Les premières planètes extra-solaires ont été détectées autour de pulsars. Ces étoiles à neutrons en rotation rapide, avec une période d’une milliseconde à une seconde, émettent un vent stellaire relativiste, emportant un champ magnétique, qui intéragit avec les corps en orbite autour du pulsar. Les phénoménes électromagnétiques ont été calculés par deux astronomes, dont un de l’Observatoire de Paris. Ils ont montré que les planètes pourraient alors émettre des ondes radio qui permettraient de les détecter, et que les petits corps pourraient subir des changements rapides d’orbite, en moins de 10 000 ans.

Les trois premières planètes qui ont été découvertes hors du système solaire (en 1992) tournent autour d’une étoile fort singulière portant le doux nom « PSR 1257+12 » : si sa masse est comparable à celle de notre étoile, son diamètre n’excède pas 40 kilomètres (contre 1 400 000 km pour le Soleil). C’est une étoile à neutrons, ainsi désignée car les neutrons en constituent le composant majoritaire. Les étoiles à neutrons, aussi denses que des noyaux atomiques, sont les résidus d’explosion d’une étoile au moins huit fois plus massive que le Soleil. Autrement dit : les étoiles à neutrons sont un des résidus d’une explosion de supernova. Si l’étoile à neutrons a deux ou trois masses solaires, le reste de l’étoile originelle (plus de 5 masses solaires) a été dispersé dans l’espace, suite à l’explosion. En raison de la très petite taille des étoiles à neutrons, leur éclat est très faible, et cela en rend la détection directe très difficile. En revanche, ces étoiles tournent très vite sur elles-mêmes (avec une période de quelques milli-secondes à quelques secondes, contre 27 jours pour le Soleil), et leur champ magnétique est très fort. De ce fait, une série de phénomènes relativement complexes les transforme en puissants émetteurs radio, les « pulsars », et c’est d’ailleurs avec des radiotélescopes que l’on a identifié le PSR 1257+12 et, indirectement, son système de planètes. PSR 1257+12 est l’objet d’une surveillance régulière avec le grand radiotélescope de Nançay.

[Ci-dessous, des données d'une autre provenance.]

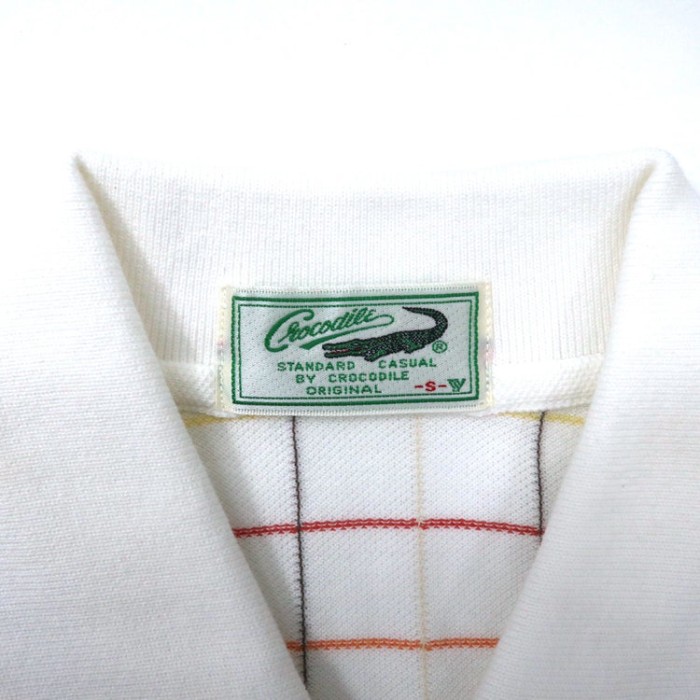 Crocodile ポロシャツ S ホワイト チェック コットン ワンポイントロゴ 未使用品 | Vintage.City 빈티지숍, 빈티지 코디 정보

Figure 1 : Vue d’artiste du pulsar 1257+12 apparaissant par-dessus le limbe d’une de ses planètes. Crédits : NASA/JPL-Caltech/R. Hurt (SSC) Cliquer sur l’image pour l’agrandir

Les planètes identifiées autour de PSR 1257+12 ont une masse comparable à celle de la Terre ; elles sont constituées de matière ordinaire. Leur diamètre, de quelques milliers de kilomètres excède largement celui de leur étoile, ce qui en fait un système planétaire assez exotique. Depuis leur découverte, d’autres système planétaires, plus nombreux et bien différents on été découverts : les planètes y tournent autour d’étoiles assez semblables au Soleil (des étoiles de la « séquence principale » du diagramme HR), et l’espoir d’y découvrir de la vie a focalisé beaucoup d’attention. De ce fait, et du fait d’une plus grande rareté, on parle beaucoup moins des planètes de pulsars.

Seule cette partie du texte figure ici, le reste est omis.